Ottanta anni fa Drieu scrisse “Lo strano viaggio”, affresco di una tormentata epoca di decadenza

31 Ago 2013 16:43 - di Redazione

Ottanta anni fa Drieu La Rochelle pubblicava con Gallimard Lo strano viaggio (Drole de voyage), tradotto in Italia da Alfredo Cattabiani nel 1971 e riproposto di recente dall’editore Passigli. Così Moreno Marchi presenta il romanzo nel suo Drieu La Rochelle. Una bibliovita (Settimo Sigillo): «Ecco di nuovo Gille, ancora senza la s finale, Gambier, affascinante personaggio che nel corso di una vacanza presso alcuni amici conosce Béatrix, giovane ricca inglese della quale si infatua. La ragazza lo contraccambia e i genitori si dimostrano favorevoli ad un eventuale matrimonio tra i due. Intanto la famiglia si trasferisce presso la propria residenza invernale spagnola, a Grenada, dove Gille, animato dai migliori propositi, la raggiunge. Una volta lì però, preda dell’indecisione egli fugge e ritorna a Parigi, riprendendo la sua vita di cinico, nonchalant donnaiolo. Ma alla fin fine anche l’adulterio con i suoi conseguenti sotterfugi e sensi di gelosia, lo disgusta, non gli rivela che l’ennesimo aspetto di una società senza più valori né credenze, ormai inerme preda della decadenza».

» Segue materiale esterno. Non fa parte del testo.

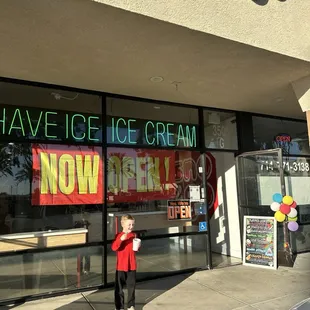 a woman standing outside of a store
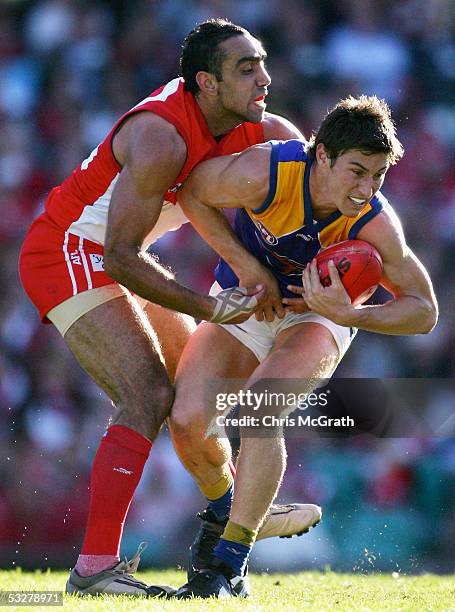 Tyson Stenglein of the Eagle is tackled by Adam Goodes of the Swans during the round seventeen AFL match between the Sydney Swans and the West Coast...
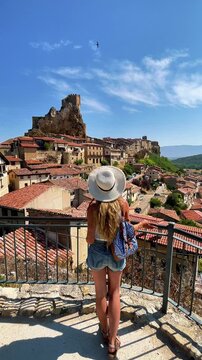 Woman tourist looking at ancient medieval village, Famous touristic village of Frias in Spain, Burgos, Castilla y Le&oacute;n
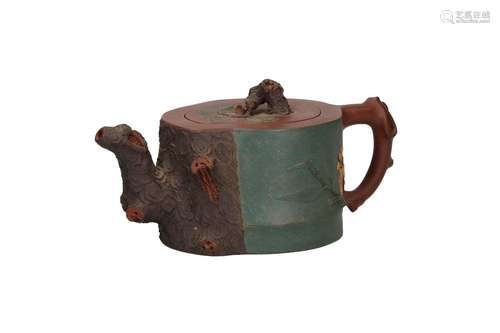 A Yixing teapot with polychrome relief decor of flowers. The...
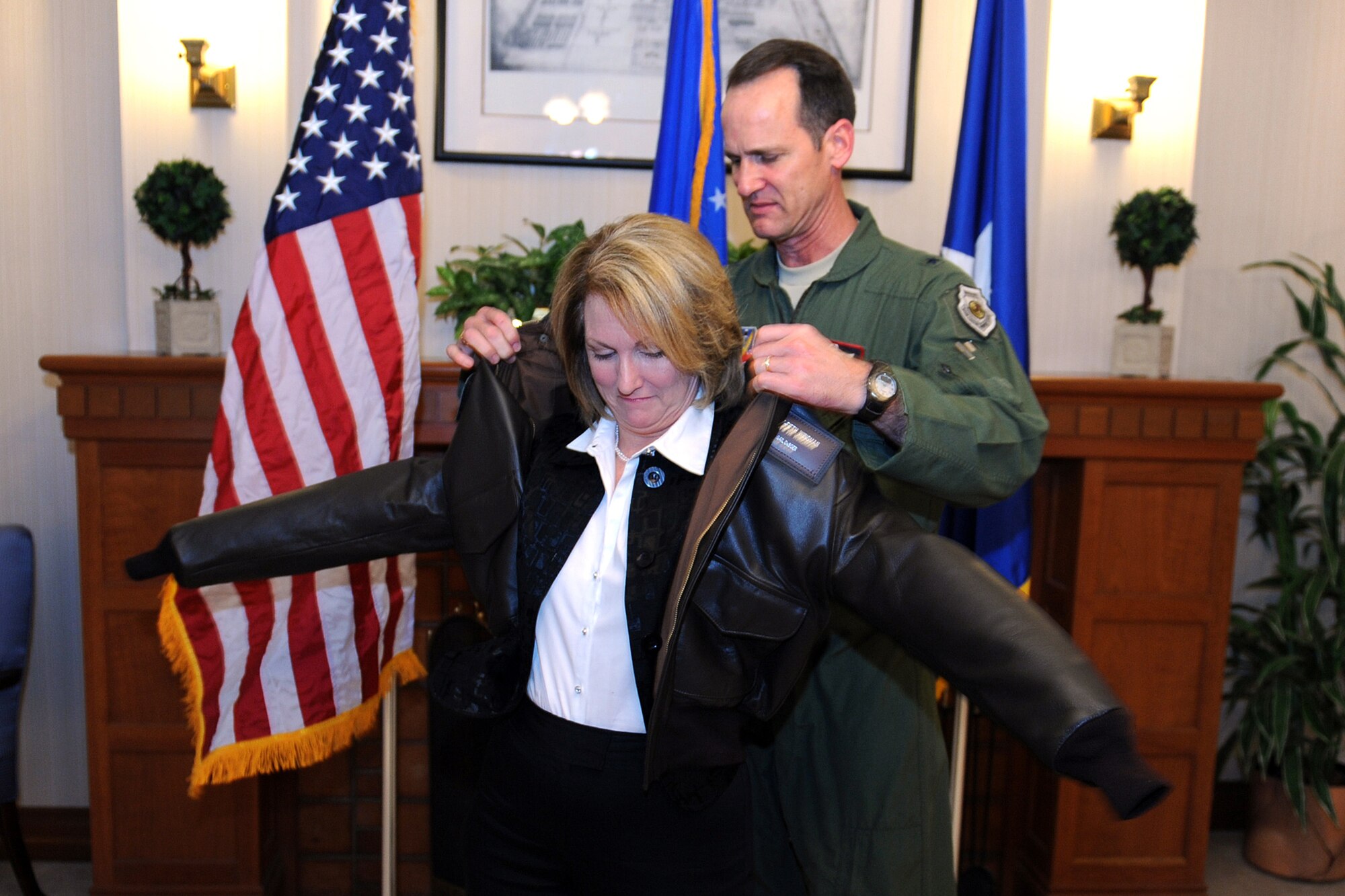 OFFUTT AIR FORCE BASE, Neb. - Brig. Gen. James Jones, 55th Wing commander, assists Gail DeBoer as she dons an honorary Wingman flight jacket during a small ceremony April 17. Mrs. DeBoer is the 15th civilian community member to be designated as a 55th WG Wingman for her constant support of Offutt military members and their families.

U.S. Air Force Photo by Josh Plueger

Il romanzo riprende i temi di Fuoco fatuo (1931), romanzo ispirato alla tragica fine dello scrittore Jacques Rigaut ma anche affresco di un’epoca tormentata di cui Drieu La Rochelle fu interprete e cantore. Lo strano viaggio è breve e conciso, “viaggio dell’indecisione e dello spaesamento” in un mondo che “decomponendosi decompone”. «Un viaggio – scrive ancora Marchi – già ambiguo e misterioso nello stesso titolo: drole, ovvero? Divertente, spassoso? Oppure strano, oppure sfasato?». Un viaggio in ogni caso «che va senz’altro annoverato tra i più riusciti di Drieu La Rochelle». Il romanzo è dedicato a Victoria Ocampo, che così descrisse lo scrittore francese: «La bocca dalle labbra carnose, imbronciate, era infantile nel sorriso, il viso piuttosto rotondo; le mani lunghe e fini sembravano fatte per lasciar scivolare tra le dita la preziosa, sfuggente sabbia della vita e delle passioni, senza alcun tentativo per trattenerle».